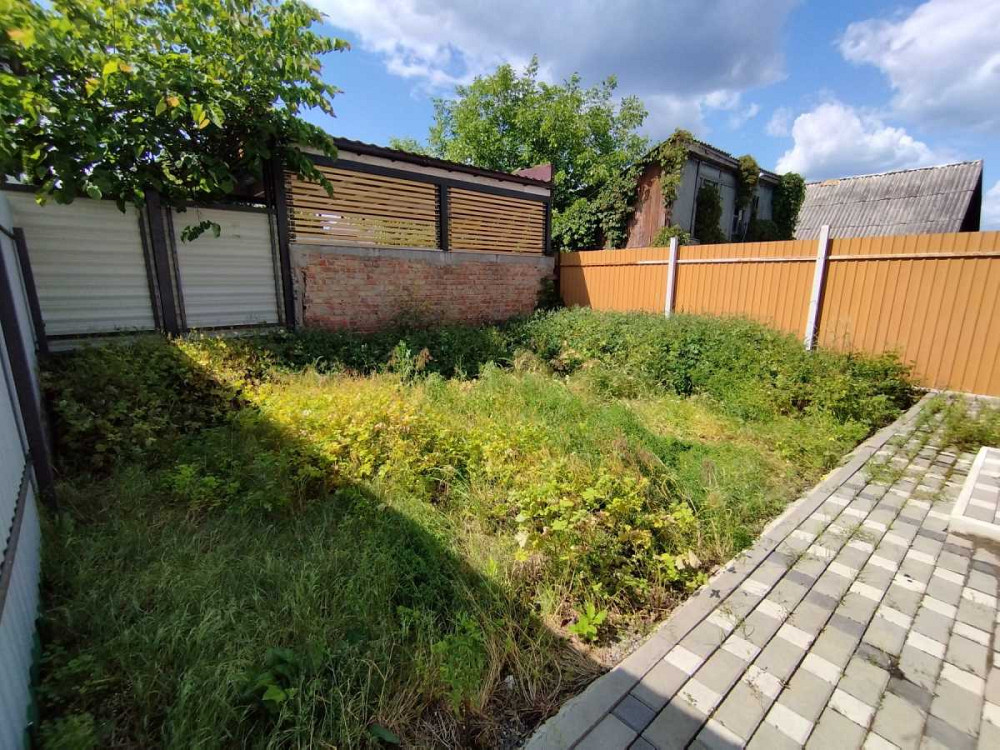 продажа 2-к таунхаус Черкассы, Сосновский, 95000 $ Черкаси - зображення 10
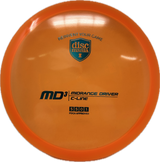 MD3-Discmania-Foundation Disc Golf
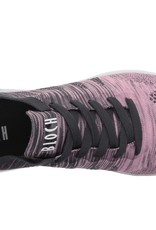 Bloch S0926L-Omnia- Lifestyle Sneaker Lightweight Fully Breathable Padded Insole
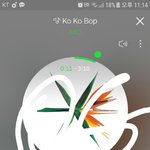 [EXO] 난 <b>웬디</b> 신데렐라가 한사람인줄알았어..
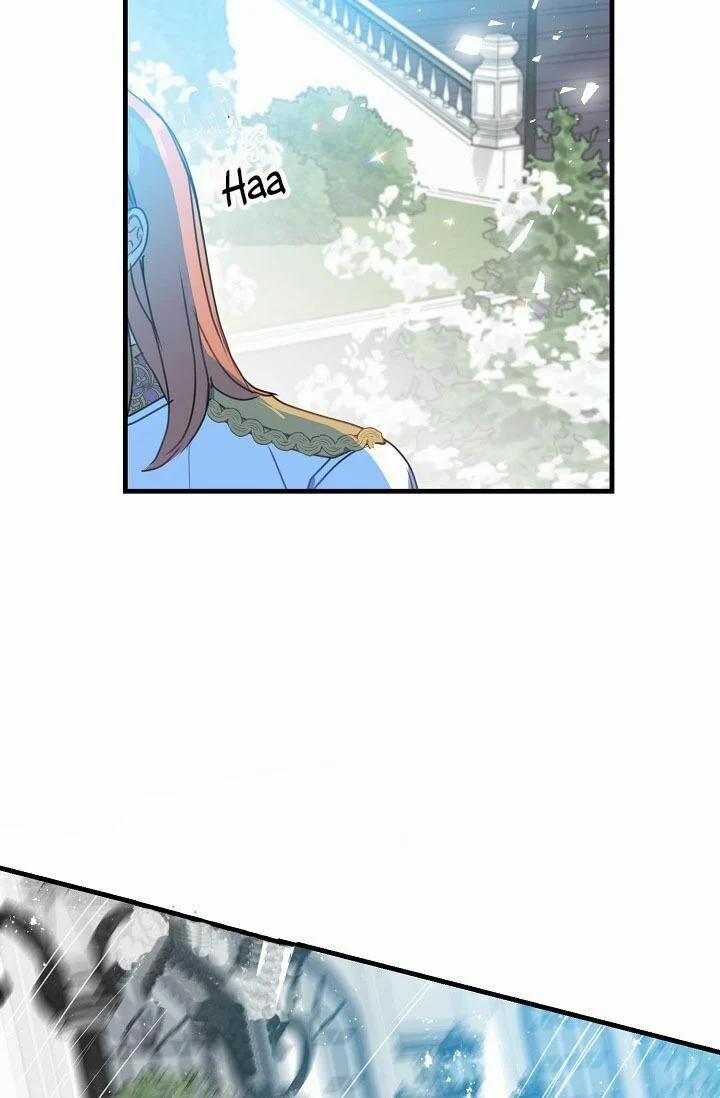 Bệ Hạ,xin Đừng Giết Tôi!! 22 trang 16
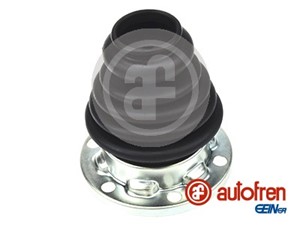 Dammskydd, drivaxel, på växellådssidan, ALFA ROMEO,AUDI,SEAT,SKODA,VW, 191407282, 191407282E, 191407283, 191498202A, 1J0498201A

........

PROBLEM = Every line from the one containing "MD3-Discmania-Foundation Disc Golf" through the last line of the listing must be written out again exactly, and no other line. Leave the pictures aside.

ANSWER TO THE EXERCISE =
 MD3-Discmania-Foundation Disc Golf
 Bloch S0926L-Omnia- Lifestyle Sneaker Lightweight Fully Breathable Padded Insole
 [EXO] 난 <b>웬디</b> 신데렐라가 한사람인줄알았어..
 Bệ Hạ,xin Đừng Giết Tôi!! 22 trang 16
 Dammskydd, drivaxel, på växellådssidan, ALFA ROMEO,AUDI,SEAT,SKODA,VW, 191407282, 191407282E, 191407283, 191498202A, 1J0498201A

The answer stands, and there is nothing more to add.